Here’s everything you need to know before applying for an education loan to study abroad

Studying abroad is something that most students aspire to as it can be a life-changing experience. However, with the rapid rise in the cost of education, it is not easy for every student to pursue their dream, particularly students from weaker sections of society. But as the famous phrase goes, “Where there is a will, there is a way”, the same way Education Loan is something that comes to the rescue of meritorious students willing to study abroad. However, applying for a loan to study abroad could be a daunting task, just like selecting the appropriate colleges/universities in a distant land. Gateway International, a study abroad consultant that has helped numerous students in fulfilling their dream of studying abroad, highlights five key factors to keep in mind while applying for a loan for studying abroad.


  1. Identify the type of loan you need

As someone looking to apply for a loan, you must vary that many studies abroad loans are available. Generally, there are three types- General Student Loans, Federal loans, and Private loans. All the three have different requirements to apply and what’s more important is that all three serve other purposes. General Student Loans usually differ from university to university. This type of loan is easy to apply for and get as there are fewer requirements and is open to all students. Federal Loans are usually issued to those students who have high financial needs. Students willing to apply for this loan must complete a FAFSA and submit their application to the university’s financial assistance office. Financial institutes like banks usually grant private loans. It is generally tough to get and requires a lot of paperwork. A student planning to apply for a loan must smartly select the loan that suits best their interest.


  1. Must ensure that your institution is eligible for the loan

This is probably one of the key factors that one must keep in mind when applying for a loan to study abroad. Why should you waste your time applying for a loan for an institute that you are not even eligible for To save? With your time and energy, it is recommended that you ensure that your institution is suitable for the loan so that you do not regret your decision later.


  1. Terms of the loan

Once you are done determining the type of loan you are willing to apply for, the next big step is to check the quantum of the loan amount available alongside the applicable interest rate. One must also keep in mind the total tenure of the loan and the availability of co-payment options. The student should also take the loan in instalments so that the disbursement can be made at the time of paying the semester fee as the interest, as usually the interest is charged after the disbursement of the amount. Apart from these, it is also important for a student to look at the moratorium period before starting the EMI.

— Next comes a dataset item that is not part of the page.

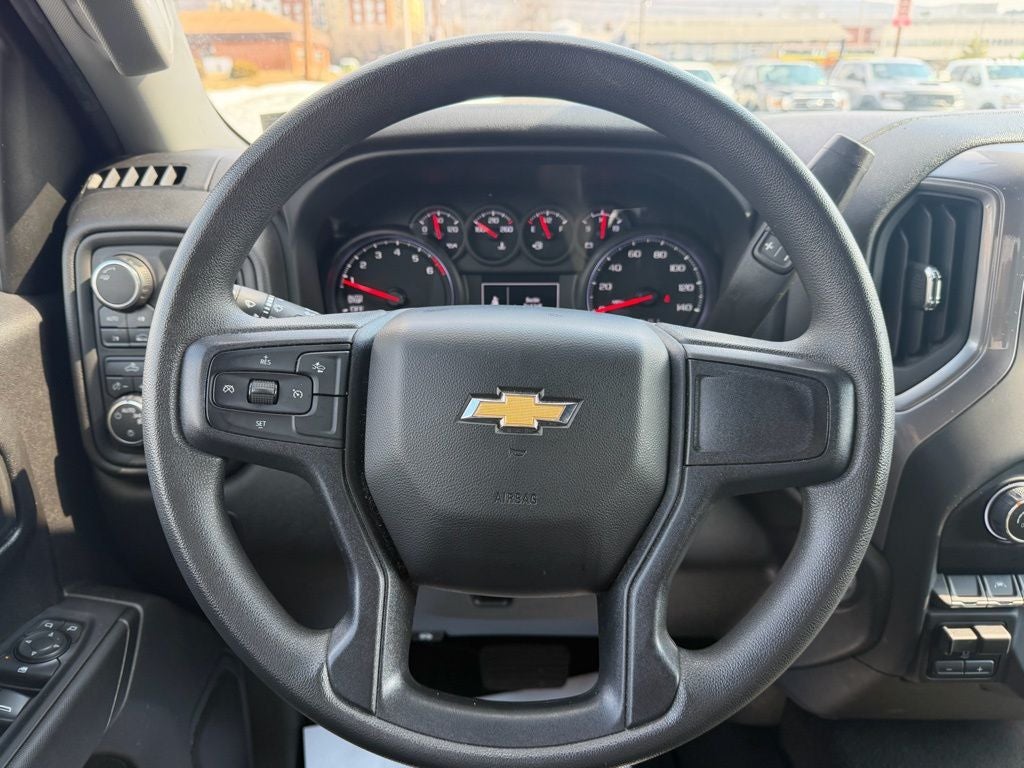 2023 Chevrolet Silverado 1500 Blackout Convenience Dark Essentials w/ Trailering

  1. Remittance of the loan amount to the student account or the university

It is advisable that students must always check the entire remittance process of the loan amount with their lenders. It is essential to have clarity on whether your loan lender will transfer the loan amount to the student or directly into the university’s account. Many renowned private banks and nationalised banks have a complex process for the remittance of the loan amount. They remit the number of tuition fees directly to the university and living expenses like rent, and all are disbursed in Forex card or as per the visa norms. However, the case with international lenders is different as they remit the tuition fee and on-campus accommodation charges into the manner of semester-wise directly to the university.


  1. Keep track of your loan repayment

Before applying for a loan, a student must be sure that they can repay the loan via monthly instalments after successfully finishing their studies. It is usually believed that the loan moratorium period, also known as the grace period, can be a boon for students; however, a student must keep in mind that they should start settling the loan as soon as they land a job. The reason is that the faster they start the loan repayment, the less they will have the burden of interest on them. One must always keep in mind that non-repayment of loans can become a significant cause of concern if the unemployment rate is very high.